The occupier of premises has a legal duty to do everything reasonable in all the circumstances to ensure that lawful visitors are reasonably safe when using the premises for the purpose for which he/she is invited or allowed to be there. If the occupier is found to be negligent, the person injured could bring a civil case for compensation.
An occupier is someone who can be said to have reasonable control over the premises and includes an individual, company, partnership or public authority. A landlord will be counted as an occupier if he/she grants a licence to occupy but retains control, or lets premises on a tenancy but retains control of common parts of a building in multiple occupation.
As well as extending to land and buildings, the definition of premises also includes fixed and moveable structures, such as quaysides, car parks, ships, vehicles or aircraft.
Warning signs and notices generally need to be specific in what they are warning about: signs saying “Beware” or “Danger” are not sufficient. Even if a visitor has been warned of the danger, the occupier may still be liable unless the warning was enough to enable the visitor to be reasonably safe
The law specifically acknowledges that children will be less careful than adults so if your premises is expecting to have children amongst its visitors you need to be extra vigilant to ensure that the premises is in such a state where children will be reasonably safe.
Experts and visiting hired hands – such as firemen, chimney sweeps or window cleaners - working on the premises are expected to appreciate and guard against any special risks which might ordinarily arise in the course of their jobs.
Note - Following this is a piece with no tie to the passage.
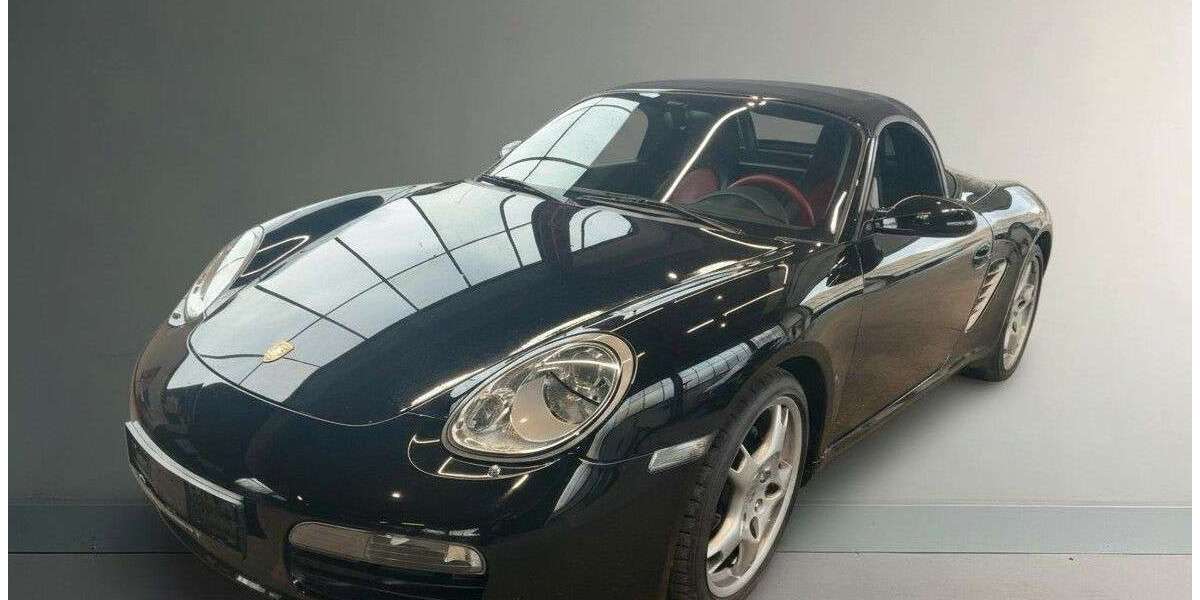 Porsche Boxster 54.567 km 30.911 &euro; Hamburg 22339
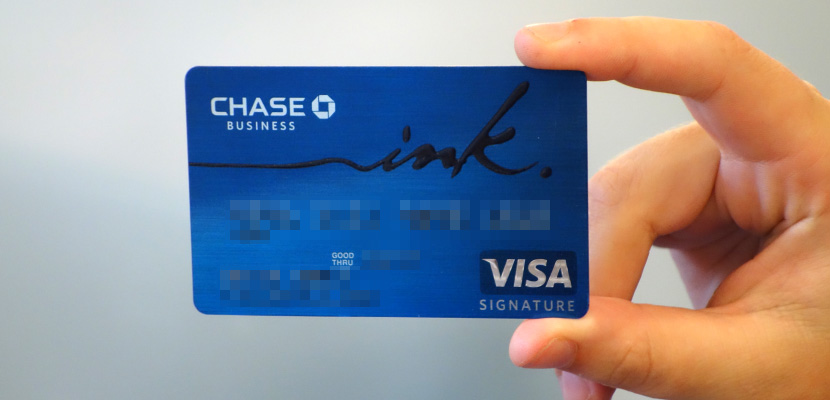 ink plus business credit card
This means that an occupier still owes a duty of care to a fireman visiting the premises but the fireman is expected to exercise the skill of an ordinary fireman.
If a visitor is injured due to a danger which arises because of the shoddy work by an independent contractor hired by the occupier, the occupier will not be liable if he/she acted reasonably in entrusting the work to the contractor and took reasonable steps to ensure the contractor was competent and the work was properly done.
If the visitor knows about a danger on the premises this will not necessarily be enough to exonerate an occupier. However, if the visitor knows about the risks and willingly accepts them, the occupier may be able to escape liability. Damages may be reduced where the injured visitor fails to take reasonable care for his own safety.
Where premises are occupied for business purposes, any attempt to exclude liability for death or personal injury caused by negligence is void. It may be possible to exclude liability for property damage but this will be subject to a reasonableness test.
An occupier’s duty of care is also owed to non-visitors – which would cover trespassers, people using private rights of way and entrants to national parks. An occupier will owe a duty to the non-visitor if he/she:
The occupier must take reasonable care to see that the non-visitor does not suffer injury on the premises because of the danger concerned.